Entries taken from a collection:
Segment Open
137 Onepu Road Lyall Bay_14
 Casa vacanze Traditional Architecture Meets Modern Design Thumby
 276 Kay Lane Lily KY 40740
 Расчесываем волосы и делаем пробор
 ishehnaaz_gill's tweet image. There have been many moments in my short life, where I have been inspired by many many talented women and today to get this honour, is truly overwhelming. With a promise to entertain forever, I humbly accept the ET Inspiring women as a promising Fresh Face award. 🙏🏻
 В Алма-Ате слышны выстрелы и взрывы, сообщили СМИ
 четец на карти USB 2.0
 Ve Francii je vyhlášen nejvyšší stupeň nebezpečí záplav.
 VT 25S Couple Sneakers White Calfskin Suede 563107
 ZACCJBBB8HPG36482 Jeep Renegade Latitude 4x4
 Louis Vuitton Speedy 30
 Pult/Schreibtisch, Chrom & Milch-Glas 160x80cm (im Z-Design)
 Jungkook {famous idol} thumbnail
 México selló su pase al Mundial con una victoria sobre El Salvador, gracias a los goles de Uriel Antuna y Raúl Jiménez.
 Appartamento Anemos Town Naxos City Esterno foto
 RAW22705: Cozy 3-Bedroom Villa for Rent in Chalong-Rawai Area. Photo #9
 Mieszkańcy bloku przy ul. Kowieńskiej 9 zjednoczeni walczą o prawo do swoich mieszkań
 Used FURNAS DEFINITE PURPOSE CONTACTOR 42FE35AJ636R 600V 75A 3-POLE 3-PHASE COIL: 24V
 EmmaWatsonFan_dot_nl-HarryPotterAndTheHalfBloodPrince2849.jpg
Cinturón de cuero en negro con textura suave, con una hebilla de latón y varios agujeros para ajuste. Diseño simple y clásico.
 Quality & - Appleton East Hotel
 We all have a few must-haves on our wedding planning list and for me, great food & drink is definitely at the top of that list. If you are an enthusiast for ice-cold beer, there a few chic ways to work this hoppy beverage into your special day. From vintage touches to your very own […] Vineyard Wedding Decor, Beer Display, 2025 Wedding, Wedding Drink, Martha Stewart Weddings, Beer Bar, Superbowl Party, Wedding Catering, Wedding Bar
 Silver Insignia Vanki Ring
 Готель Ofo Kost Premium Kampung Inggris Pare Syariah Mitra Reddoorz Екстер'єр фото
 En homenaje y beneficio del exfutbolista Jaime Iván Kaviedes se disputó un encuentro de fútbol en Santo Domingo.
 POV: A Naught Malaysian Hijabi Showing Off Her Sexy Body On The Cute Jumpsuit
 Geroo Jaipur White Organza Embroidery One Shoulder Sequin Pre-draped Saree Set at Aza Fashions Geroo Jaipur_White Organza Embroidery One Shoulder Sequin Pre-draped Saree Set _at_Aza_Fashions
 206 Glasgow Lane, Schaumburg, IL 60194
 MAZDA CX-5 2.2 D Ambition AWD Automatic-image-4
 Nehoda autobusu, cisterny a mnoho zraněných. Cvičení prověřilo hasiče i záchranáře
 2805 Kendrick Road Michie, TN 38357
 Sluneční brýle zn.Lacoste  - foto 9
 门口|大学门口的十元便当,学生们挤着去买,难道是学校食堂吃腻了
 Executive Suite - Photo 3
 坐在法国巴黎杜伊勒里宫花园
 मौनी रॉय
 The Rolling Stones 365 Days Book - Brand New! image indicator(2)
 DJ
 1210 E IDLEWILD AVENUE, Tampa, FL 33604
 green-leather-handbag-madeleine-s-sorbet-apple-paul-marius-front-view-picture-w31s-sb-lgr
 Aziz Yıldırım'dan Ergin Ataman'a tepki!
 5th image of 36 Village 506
Segment Closed
_EXERCISE GOAL_: Copy out the entries above again, keeping them exact.

_TASK RESULT_:
137 Onepu Road Lyall Bay_14
 Casa vacanze Traditional Architecture Meets Modern Design Thumby
 276 Kay Lane Lily KY 40740
 Расчесываем волосы и делаем пробор
 ishehnaaz_gill's tweet image. There have been many moments in my short life, where I have been inspired by many many talented women and today to get this honour, is truly overwhelming. With a promise to entertain forever, I humbly accept the ET Inspiring women as a promising Fresh Face award. 🙏🏻
 В Алма-Ате слышны выстрелы и взрывы, сообщили СМИ
 четец на карти USB 2.0
 Ve Francii je vyhlášen nejvyšší stupeň nebezpečí záplav.
 VT 25S Couple Sneakers White Calfskin Suede 563107
 ZACCJBBB8HPG36482 Jeep Renegade Latitude 4x4
 Louis Vuitton Speedy 30
 Pult/Schreibtisch, Chrom & Milch-Glas 160x80cm (im Z-Design)
 Jungkook {famous idol} thumbnail
 México selló su pase al Mundial con una victoria sobre El Salvador, gracias a los goles de Uriel Antuna y Raúl Jiménez.
 Appartamento Anemos Town Naxos City Esterno foto
 RAW22705: Cozy 3-Bedroom Villa for Rent in Chalong-Rawai Area. Photo #9
 Mieszkańcy bloku przy ul. Kowieńskiej 9 zjednoczeni walczą o prawo do swoich mieszkań
 Used FURNAS DEFINITE PURPOSE CONTACTOR 42FE35AJ636R 600V 75A 3-POLE 3-PHASE COIL: 24V
 EmmaWatsonFan_dot_nl-HarryPotterAndTheHalfBloodPrince2849.jpg
Cinturón de cuero en negro con textura suave, con una hebilla de latón y varios agujeros para ajuste. Diseño simple y clásico.
 Quality & - Appleton East Hotel
 We all have a few must-haves on our wedding planning list and for me, great food & drink is definitely at the top of that list. If you are an enthusiast for ice-cold beer, there a few chic ways to work this hoppy beverage into your special day. From vintage touches to your very own […] Vineyard Wedding Decor, Beer Display, 2025 Wedding, Wedding Drink, Martha Stewart Weddings, Beer Bar, Superbowl Party, Wedding Catering, Wedding Bar
 Silver Insignia Vanki Ring
 Готель Ofo Kost Premium Kampung Inggris Pare Syariah Mitra Reddoorz Екстер'єр фото
 En homenaje y beneficio del exfutbolista Jaime Iván Kaviedes se disputó un encuentro de fútbol en Santo Domingo.
 POV: A Naught Malaysian Hijabi Showing Off Her Sexy Body On The Cute Jumpsuit
 Geroo Jaipur White Organza Embroidery One Shoulder Sequin Pre-draped Saree Set at Aza Fashions Geroo Jaipur_White Organza Embroidery One Shoulder Sequin Pre-draped Saree Set _at_Aza_Fashions
 206 Glasgow Lane, Schaumburg, IL 60194
 MAZDA CX-5 2.2 D Ambition AWD Automatic-image-4
 Nehoda autobusu, cisterny a mnoho zraněných. Cvičení prověřilo hasiče i záchranáře
 2805 Kendrick Road Michie, TN 38357
 Sluneční brýle zn.Lacoste  - foto 9
 门口|大学门口的十元便当,学生们挤着去买,难道是学校食堂吃腻了
 Executive Suite - Photo 3
 坐在法国巴黎杜伊勒里宫花园
 मौनी रॉय
 The Rolling Stones 365 Days Book - Brand New! image indicator(2)
 DJ
 1210 E IDLEWILD AVENUE, Tampa, FL 33604
 green-leather-handbag-madeleine-s-sorbet-apple-paul-marius-front-view-picture-w31s-sb-lgr
 Aziz Yıldırım'dan Ergin Ataman'a tepki!
 5th image of 36 Village 506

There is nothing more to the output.